**Work instruction**
Repeat the listing that follows exactly. Pictures are not part of the copy.

-------- Given data --------

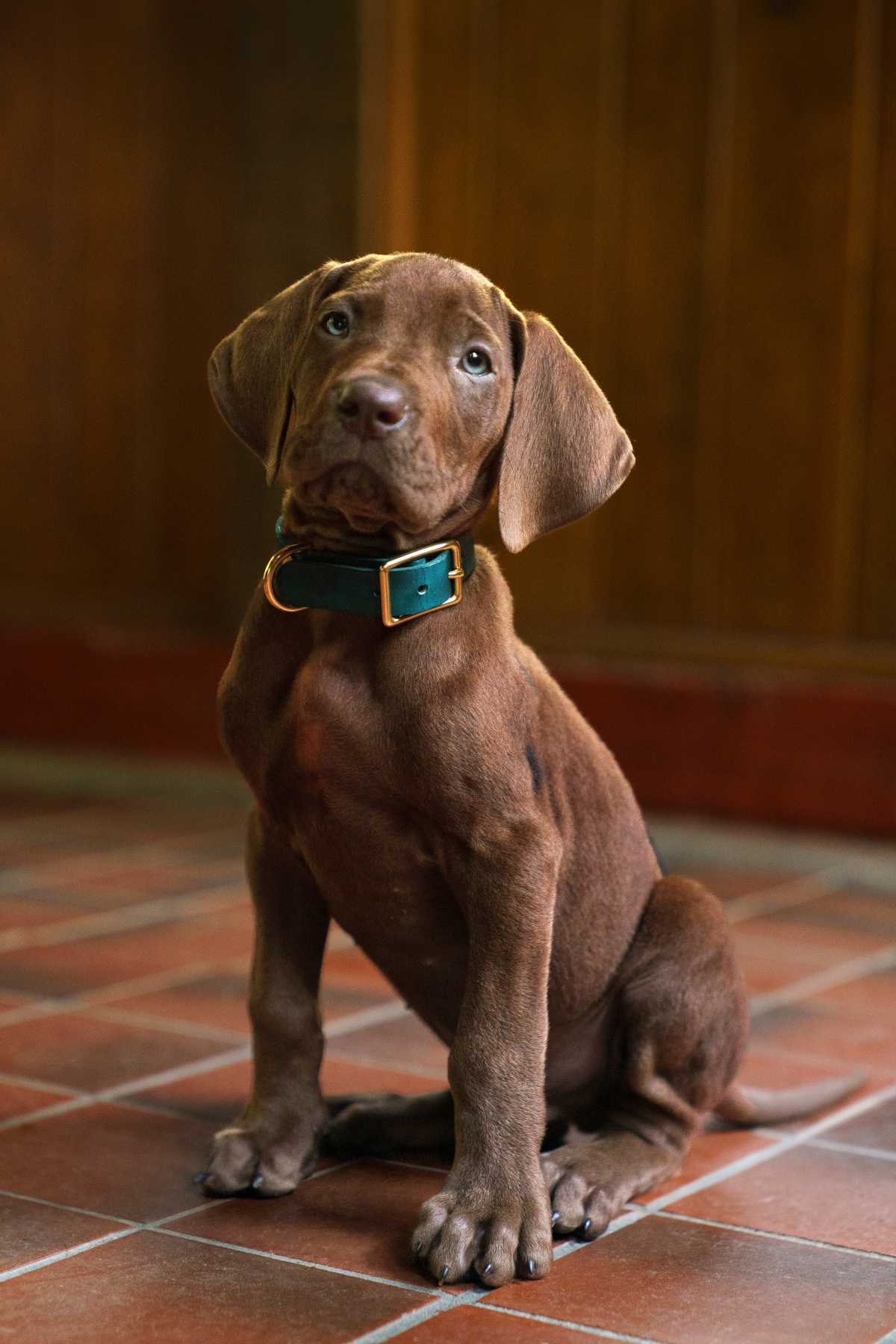 The Scooby-Doo: Origins series on Netflix uses a real dog for the character.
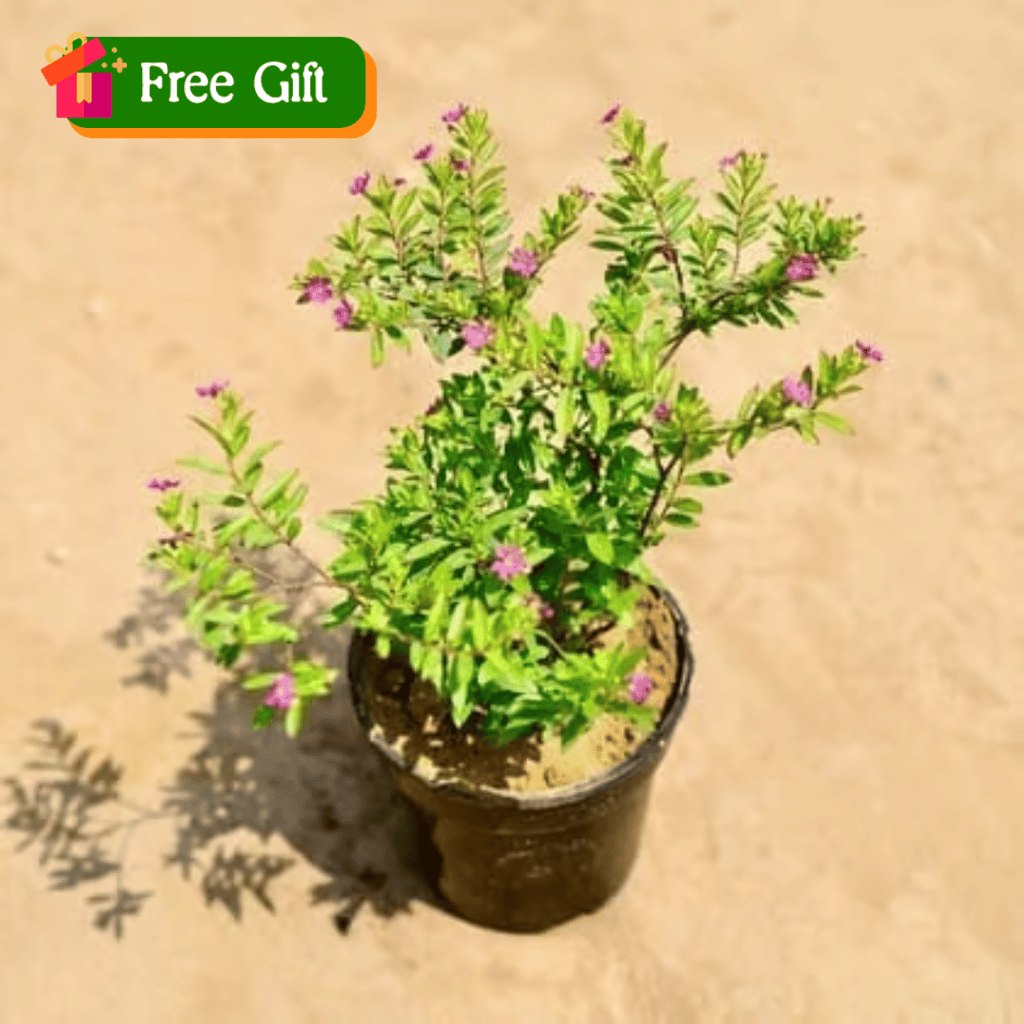 Free Gift - Cuphea / False Heather Pink in 4 Inch Nursery Pot - Flash Sale Free Gift - Cuphea / False Heather Pink in 4 Inch Nursery Pot - Flash Sale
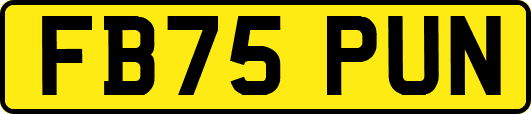 FB75PUN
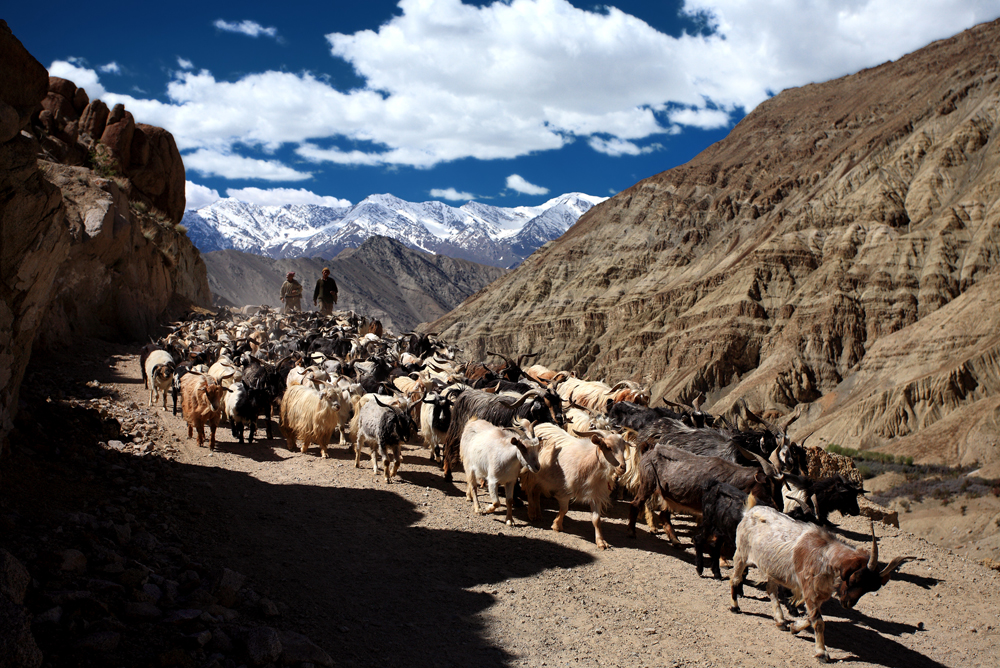 Flock of Goats - Hemis Shukpachan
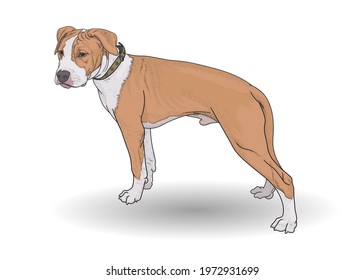 Young American Staffordshire Terrier stands on a white background. Hand drawing, vector illustration, EPS 10. Funny, beautiful puppy brown and white.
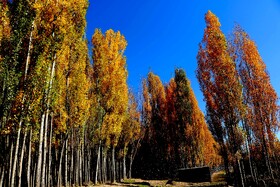 پاییز در روستای دمکره در استان کهکیلویه و بویراحمد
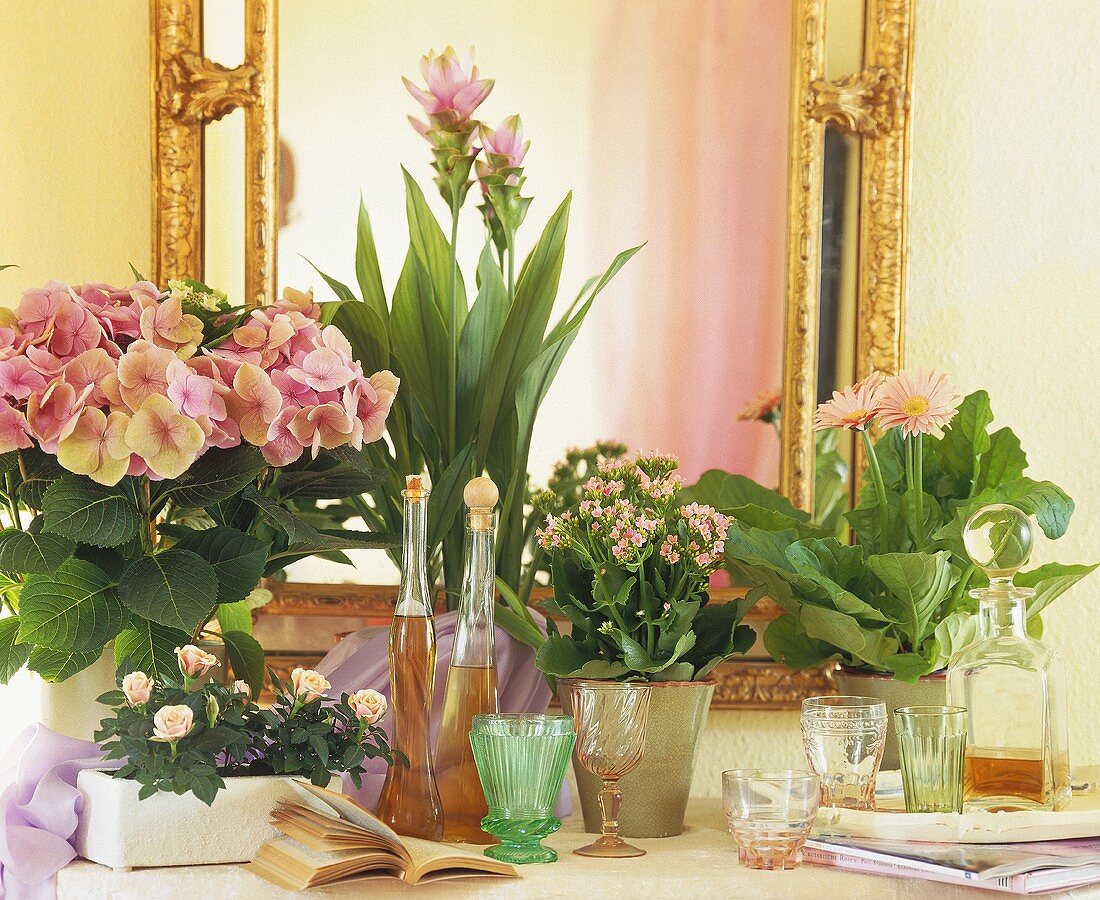 Pink-flowered house plants, hydrangea, kalanchoe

--------

**Answer to this task**
 The Scooby-Doo: Origins series on Netflix uses a real dog for the character.
 Free Gift - Cuphea / False Heather Pink in 4 Inch Nursery Pot - Flash Sale Free Gift - Cuphea / False Heather Pink in 4 Inch Nursery Pot - Flash Sale
 FB75PUN
 Flock of Goats - Hemis Shukpachan
 Young American Staffordshire Terrier stands on a white background. Hand drawing, vector illustration, EPS 10. Funny, beautiful puppy brown and white.
 پاییز در روستای دمکره در استان کهکیلویه و بویراحمد
 Pink-flowered house plants, hydrangea, kalanchoe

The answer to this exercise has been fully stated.